Data -
^^^^
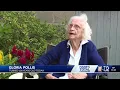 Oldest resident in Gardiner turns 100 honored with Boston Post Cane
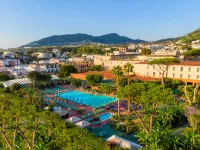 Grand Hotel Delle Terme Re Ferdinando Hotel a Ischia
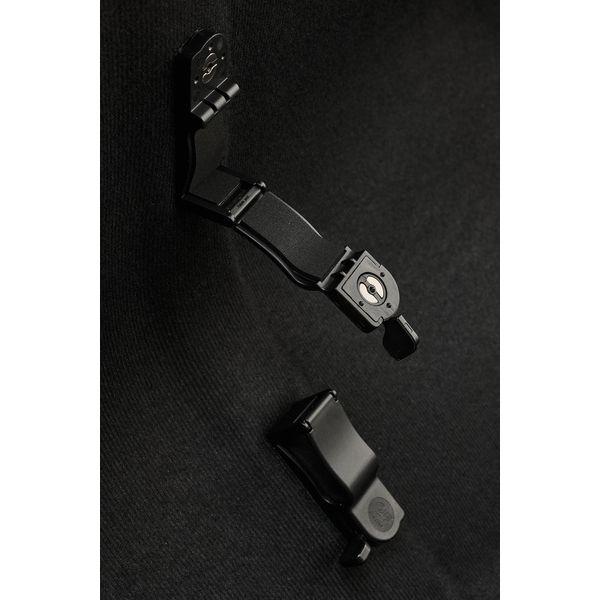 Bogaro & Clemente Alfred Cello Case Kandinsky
^^^^
Action item - Omitting all pictures, set the listing down exactly.

Response for this exercise -
 Oldest resident in Gardiner turns 100 honored with Boston Post Cane
 Grand Hotel Delle Terme Re Ferdinando Hotel a Ischia
 Bogaro & Clemente Alfred Cello Case Kandinsky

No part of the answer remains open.